そして迎えた2006年のドラフト会議。この年の注目は、2005年、駒大苫小牧の夏2連覇に貢献し、2006年夏も甲子園準優勝を経験した田中 将大(関連記事)がドラフトの目玉として取り上げられていた。田中は4球団競合の末、東北楽天から指名を、そして坂本は外れ1位で、読売ジャイアンツから指名を受けた。目標としていたプロ入りが決まり、高い期待を受けて、プロ生活をスタートさせたのであった。
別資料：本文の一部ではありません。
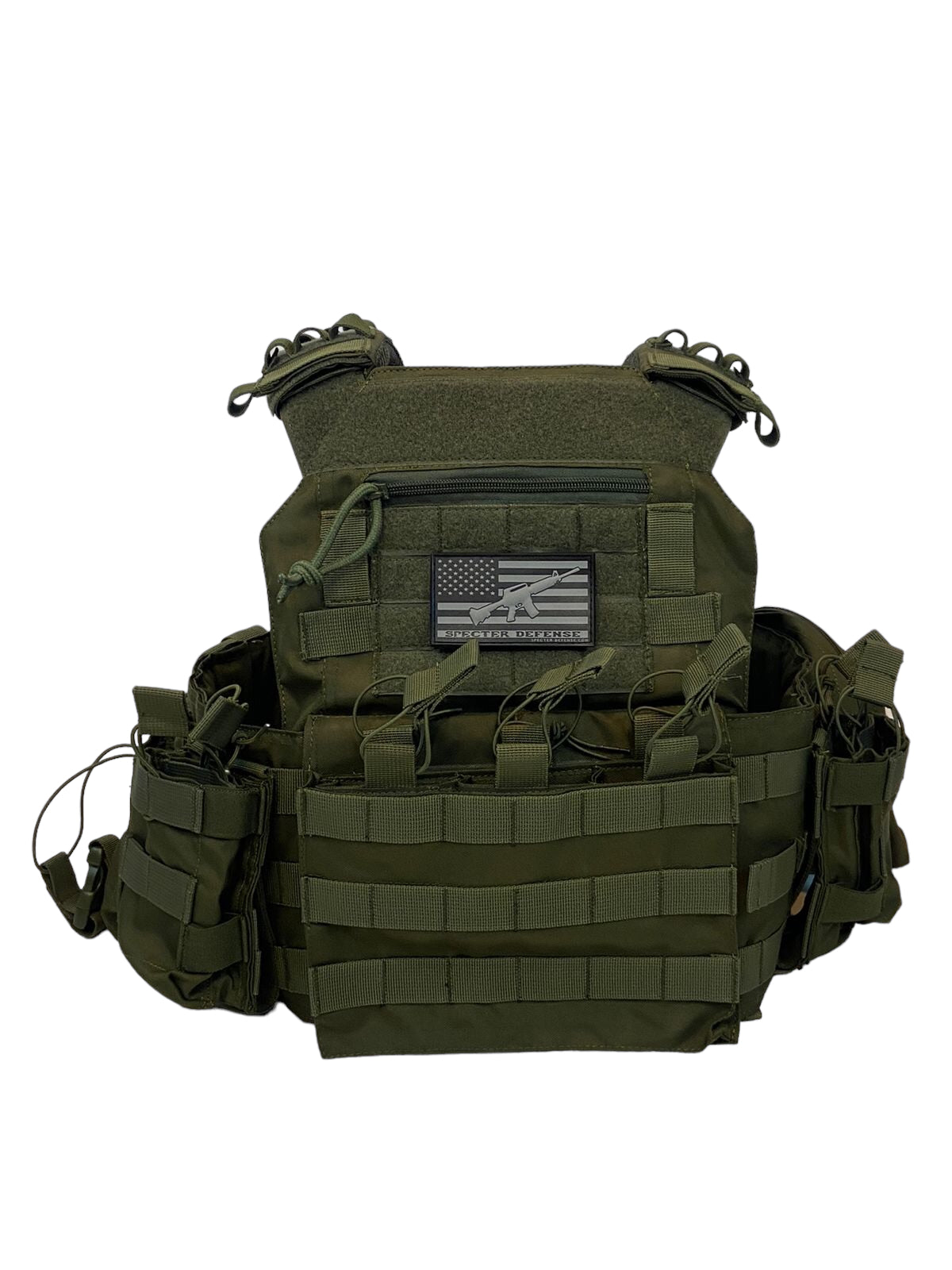 10 pcs Plate Carrier Vest (FAPV G4) OD Green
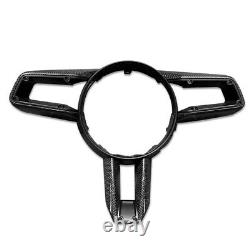Carbon Fiber Steering Wheel Cover Trim Fit for Porsche 911 992 2020-2023 Taycan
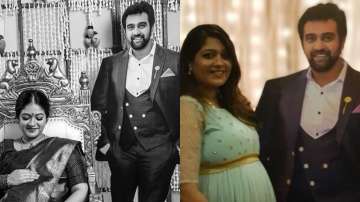 Meghana Raj's baby shower photos featuring late Chiranjeevi Sarja will bring a smile on your face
高卒1年目から一軍出場を果たした坂本は、高卒2年目でレギュラーを獲得し144試合に出場。その後は読売ジャイアンツの正遊撃手として活躍し、すっかりと球界の顔となった。この活躍に対し金沢監督は「もう想像以上の活躍ですよ。それは運も良かったと思います。2年目でいきなりショートのレギュラーを任されましたから。活躍できたのは、彼が本来持っている負けず嫌いの一面がプロの水に合ったのだと思いますよ。毎年、一流の実績を残しているのもそれがあるからだと思います」
そして今年、首位打者を受賞したことについては、「ここ最近、2割6分〜7分の数字が続いていて、一つの壁にぶち当たっていたと思います。ショートとして140試合出場し続けるのは大変なこと。それをずっと続けるのは、プロ野球選手として合格点だとは思いますが、まだトップレベルではなかったと思います。そういったなかなか変えきれなかったところを変えたのは良かったと思いますし、これでさらに飛躍していくと思いますよ」金沢監督は教え子の成長をたたえ、今後の活躍にも期待を寄せた。
ここまでの道のりを振り返ると、負けん気の強さ、向上心の高さが坂本の成長を支えているといっていいだろう。坂本を本気にさせたのは間違いなく、一時、野球部を辞めそうになった坂本を思いとどまらせた金沢監督だ。坂本は球界を代表する遊撃手として、これからもトップを走っていく。